For starters, the "transaction is consistent with HBC's plans to focus on Saks and Hudson's Bay and will give HBC attractive exposure to new talent and capabilities," according to the Cowen note.
It's also yet another indication of HBC's preoccupation with real estate, something that brought Lord & Taylor into HBC Governor Richard Baker's portfolio in the first place. The banner launched Baker's retail career when his real estate firm acquired it in 2006, and it's continued with the acquisition of HBC, Saks and other retail companies. In recent months, though, Lord & Taylor, like HBC's investments in Europe, has been an asset to unload, including its Italianate flagship on Fifth Avenue in New York this year.
"From my perspective, HBC is slowly transforming from retail company to investor/real estate company," Stephens said. "It's been years since I've seen any real signs of a defined, articulated retail strategy aimed at reimagining or reinventing their business. Rather, it's been all about the acquisition and liquidation of assets and holdings."
In this case, from what has been made public so far, Nick Egelanian, president of retail real estate development firm Siteworks, sees little attention to retail or "any long term commitment to the stores."
"In essence, It appears that HBC dumped the chain for little more than salvage value — and looking further into it, the buyer is not even really a retailer," he told Retail Dive in an email "HBC, probably as a condition of landlord and/or lender approvals, will remain liable on the Lord and Taylor leases and makes no guarantees as to the future of the business."

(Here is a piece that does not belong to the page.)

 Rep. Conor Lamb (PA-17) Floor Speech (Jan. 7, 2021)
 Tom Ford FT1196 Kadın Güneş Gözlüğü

The ultimate question, Stephens says of HBC's approach to its holdings, "is 'to what end?'"
The answer could be — the end of the department store and the mall. Lord & Taylor is a bit player, considering it "does only about $1.4 billion in annual volume or about 6% the size of Macy's," according to Egelanian.
"But this is just one more small step in the unwinding of the American regional mall model," he said, "which has been in steady irreversible decline since full-line department store volumes and market share began to decline starting back in the mid-1980's."